The film stars Sushant Singh Rajput, Anand Tiwari, Neeraj Kabi and Swastika Mukherjee. It was released on 3 April 2015 to positive reviews from critics; however, it was a commercial failure. A sequel with Rajput reprising his role was planned but after his death, the film was shelved.

Plot 
In November 1942, shortly after the Japanese take over Burma, a group of Chinese men from the Green Gang are unloading opium in Calcutta but get ambushed, with their leader being brutally blinded by a mysterious figure.

Three months later, the leader decides to return to Calcutta to investigate their missing opium. Meanwhile, Ajit Kumar Banerjee approaches Byomkesh Bakshi so he can find his missing father Bhuvan Banerjee. Byomkesh initially rejects the request but decides to check it out after his lover marries someone else. The following day, he visits the lodging house Bhuvan resided in, run by physician Dr. Anukul Guha, and takes a room to investigate. He finds Bhuvan's paan box with Ashwini Babu, Bhuvan's roommate, and deduces that he was murdered. Byomkesh visits the closed chemical factory where Bhuvan used to work, where he meets an actress, Anguri Devi, a movie actress and a friend of the owner Gajanan Sikdaar. Byomkesh finds some letters with Anguri Devi and deduces that Bhuvan was blackmailing Sikdaar, and Sikdaar might have killed Bhuvan and hid his body in the factory.

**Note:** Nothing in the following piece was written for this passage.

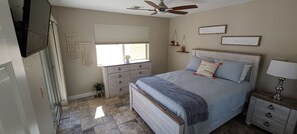 3 bedrooms, desk, free WiFi, bed sheets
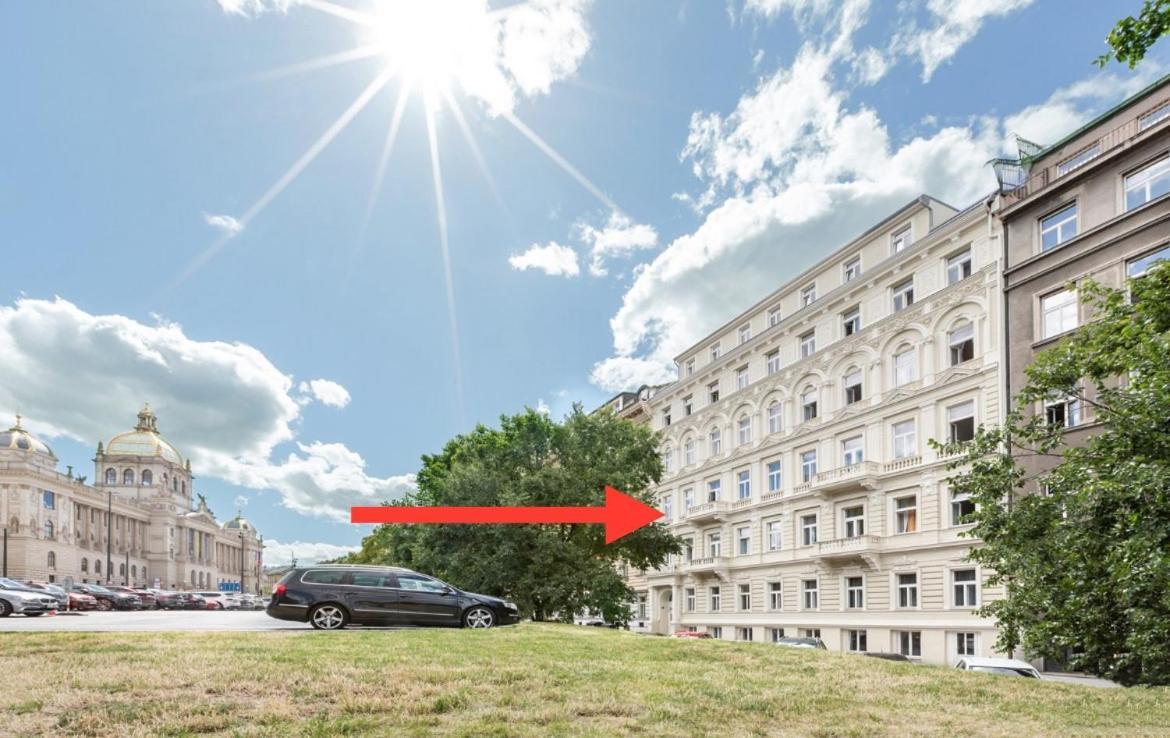 New Design & Style Apartments 50M From Wenceslas Square Prag Eksteriør billede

Byomkesh and Dr. Guha return to the factory and find Bhuvan's body in a machine, causing Deputy Commissioner Wilkie to question Sikdaar. However, Byomkesh discovers the letters are falsely backdated and saves Sikdaar from being framed. Byomkesh follows him home but is stopped by Anguri Devi, who attempts to seduce him. Gently rebuffing her, he goes to meet Sikdaar, who immediately has a fit and passes away, having been poisoned. Suspicion falls on Sukumar, who was seen making death threats to Sikdaar. Dr. Guha leaves Calcutta temporarily but sends Byomkesh a stamp, confirming he had faked the letters and killed Bhuvan. Satyavati, Sukumar's sister, pleads with Byomkesh to help her brother, who she believes is innocent and in hiding. Byomkesh finds the cab Sukumar was last seen in, and the driver directs him to the office of Dr. Watanabe, a Japanese dentist. Byomkesh and Ajit go to meet Watanabe, saying they are volunteers for Sukumar's Basant Panchami agitation, but Watanabe sees through them and sends a real volunteer to tail them. Having observed this, Byomkesh disguises himself and Ajit before following the volunteer back to Watanabe's office. Discovering the ruse, Watanabe murders the volunteer and his receptionist before escaping. The two enter his office and see their corpses; Byomkesh finds a drawing in the volunteer's pocket.

Returning to the lodge, they meet Dr. Guha, who admits he and Sukumar are working with the Japanese to free the country, with Sukumar to lead a "Free Bengal", and murdered Bhuvan and Sikdaar for betraying them. Returning to their room, Ajit vents about his father, revealing Bhuvan had lost his job at Hind Chemicals when they learned his master formula contained opium and addicted customers. Realising Ashwini is addicted to Bhuvan's custom paan blend, Byomkesh takes a chew and euphorically creates a mural of his understanding of the entire case, revealing Sikdaar said the words “Young Gun” to him before dying. The next morning, Byomkesh tests the mixture and his own blood; while his blood contains heroin, the paan is clean, making him deduce that Bhuvan had created an "untraceable" formula. Byomkesh learns from Kanai Dao, a fellow lodge resident and licensed opium dealer, that the opium supply in the local areas has been halted, and asks him if he can help Byomkesh meet any heroin suppliers. However, Kanai turns out to be a police informer and turns Byomkesh and Ajit into Deputy Commissioner Wilkie. Wilkie tells Byomkesh about Yang Guang, a former Green Gang leader who wanted Calcutta's opium business for himself and was killed in retaliation but reportedly survived; Byomkesh realises Sikdaar was referring to him.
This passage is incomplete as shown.